Phenotypes of the mutants bta1l, cct1, and pect1 grown at low temperature. A, Number of cells for EV and the indicated mutants after 3 d of culture. B to E, Comparison of relative polar lipid composition (B) and fatty acid profile of PC (C), PE (D), and DGTS (E) in EV, bta1l, cct1, and pect1. F and G, Molar ratio of 20:5 in extraplastidic (F) and plastidic (G) membrane lipids. Data represent the mean ± sd of three biologically independent experiments.
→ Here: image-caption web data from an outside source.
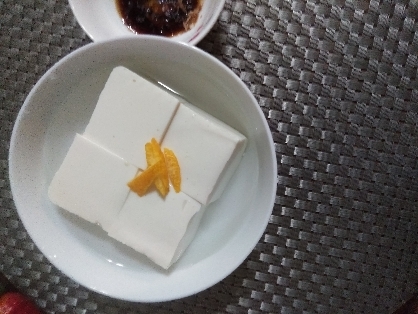 mimiちゃん
寒いので湯豆腐で
ぽかぽか温まり柚子の香りが
して美味しかったです(@_@)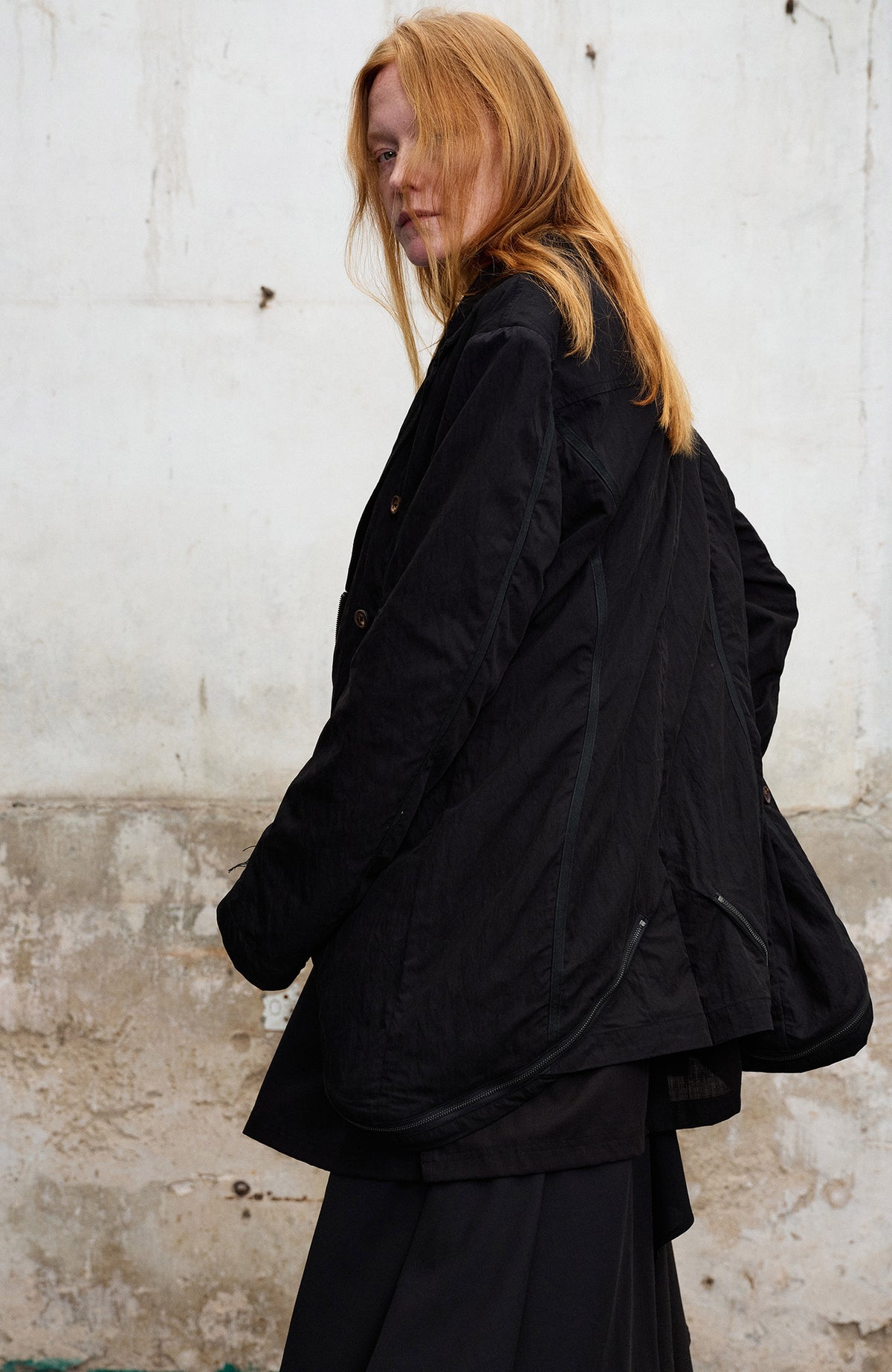 ILNya Nieternite Nifutur Deconstructed Napoleon-Button Blazer Jacket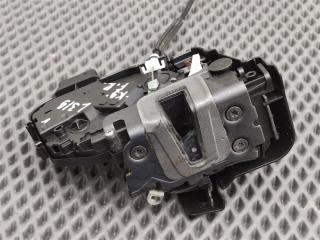 Замок двери передний правый Discovery 2006 L319 AJ41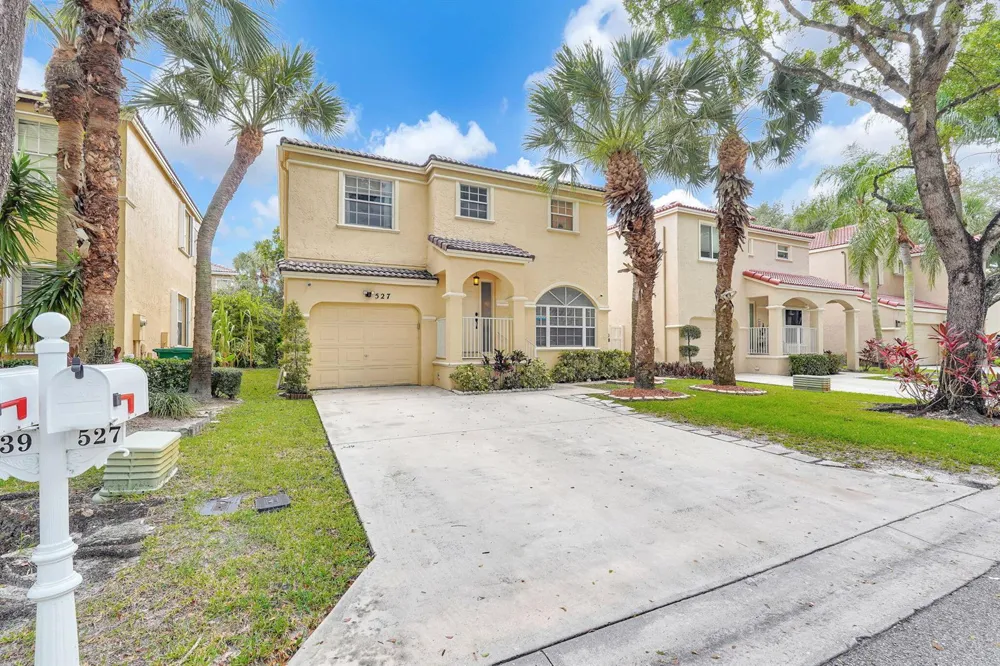 527 NW 87TH LANE Coral Springs, FL 33071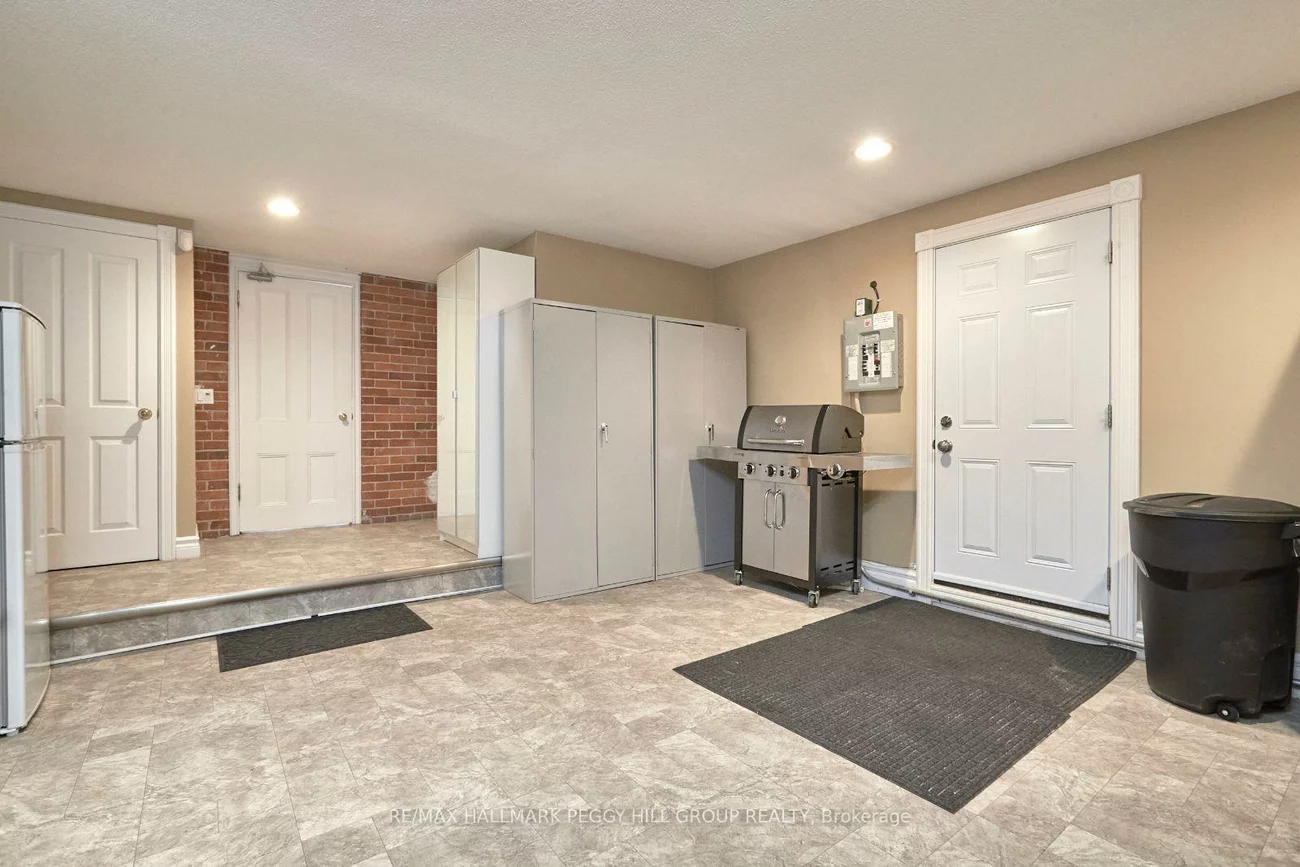 30, Mary, City Centre, Barrie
Statistical significance was determined with Dunnett’s test (compared with EV): *, P < 0.05; **, P < 0.01; ***, P < 0.001. SQDG, Sulfoquinovosyldiacylglycerol; PG, phosphatidylglycerol; PI, phosphatidylinositol.

Figure 8.

Schematic model for the DGTS biosynthesis in Nannochloropsis. We proposed that 20:5-containing DGTS and 20:5-free DGTS are formed by different pathways with different physiological relevance. The 20:5-enriched DAG derived from phospholipids would diverge to use for DGTS or MGDG biosynthesis catalyzed by BTA1L and BTA1S or MGD1, respectively. Blue represents enzymes and black represents metabolites.G3P, Glycerol 3-phosphate; MGD1, MGDG synthase 1.